5. An apparatus as claimed in claim 4, wherein said control means performs closed loop control for controlling said carriage driving means in an acceleration region and a deceleration region in motion of said carriage.

6. An apparatus as claimed in claim 5, wherein said control means performs closed loop control for controlling said carriage driving means in connection with carriage motion, in which a non-driving state of the head longer than or equal to a predetermined length is present.

7. An apparatus as claimed in claim 1, wherein the head ejects ink so as to perform printing on the medium.

8. An apparatus as claimed in claim 7, wherein the head ejects a plurality of inks so as to perform color printing.

9. An apparatus as claimed in claim 8, wherein said control means performs closed loop control for controlling said driving means when said carriage is moved to a capping position of the head.

10. An apparatus as claimed in claim 9, wherein the head generates a bubble in the ink by utilizing thermal energy and ejects the ink by generation of the bubble.

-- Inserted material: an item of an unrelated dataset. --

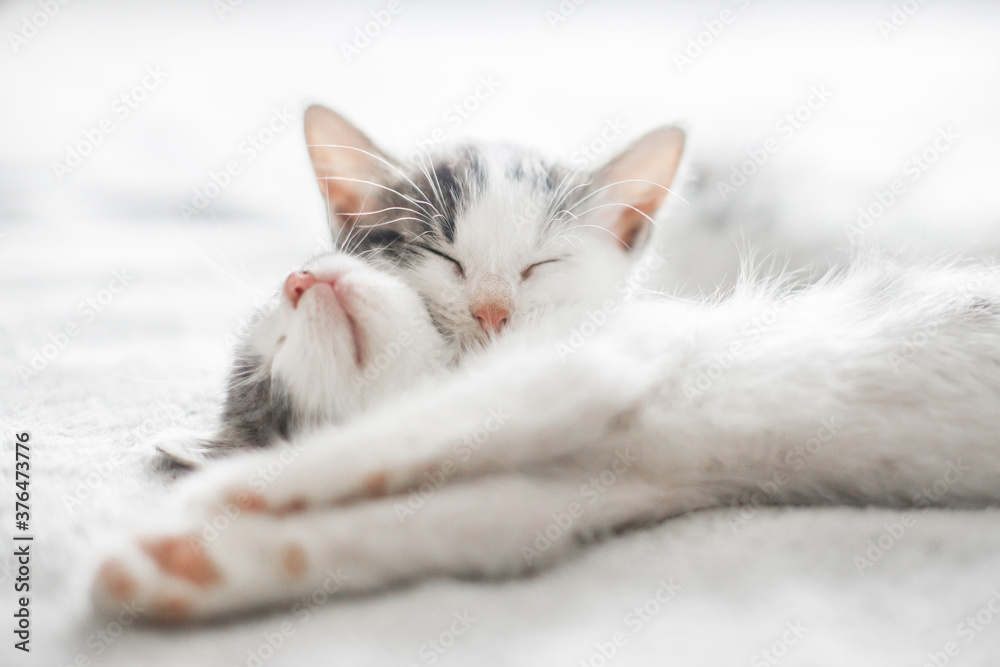 Adorable kittens sleeping on soft bed in morning light. Two cute white and grey kittens sleeping together on cozy blanket. Furry family in new home, adoption concept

11. An apparatus as claimed in claim 1, further comprising transport means for transporting the medium on which printing is performed.

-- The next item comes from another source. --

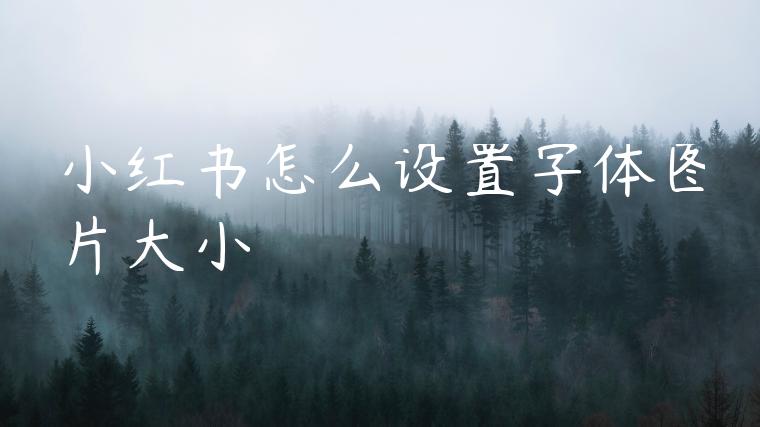 小红书怎么设置字体图片大小 小红书怎么设置字体图片大小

12. An apparatus as claimed in claim 1, further comprising reading means for reading an original for copying.

13. An apparatus as claimed in claim 1, further comprising transmitting means for transmitting data and receiving means for receiving data to perform facsimile functions of transmitting and receiving data.

14. An apparatus as claimed in claim 1, further comprising means for connection as an image output terminal of a computer.

15. A drive control method for an apparatus which has a carriage for mounting a head used to be driven for performing printing and for being moved along a medium, said method comprising the steps of:

controlling driving of the carriage in open loop;

detecting motion information of said carriage and obtaining a periodic signal relating to said detection; and

performing control for controlling the head to be driven within each period of the periodic signal, in which the head is driven at each of times which have intervals equal to each other, the equal intervals being derived by equally dividing an immediately preceding period of the periodic signal into n: a natural number.

16. A drive control method as claimed in claim 15, wherein the head ejects ink so as to perform printing on the medium.

17. A drive control method as claimed in claim 16, wherein the head generates a bubble in the ink by utilizing thermal energy and ejects the ink by generation of the bubble.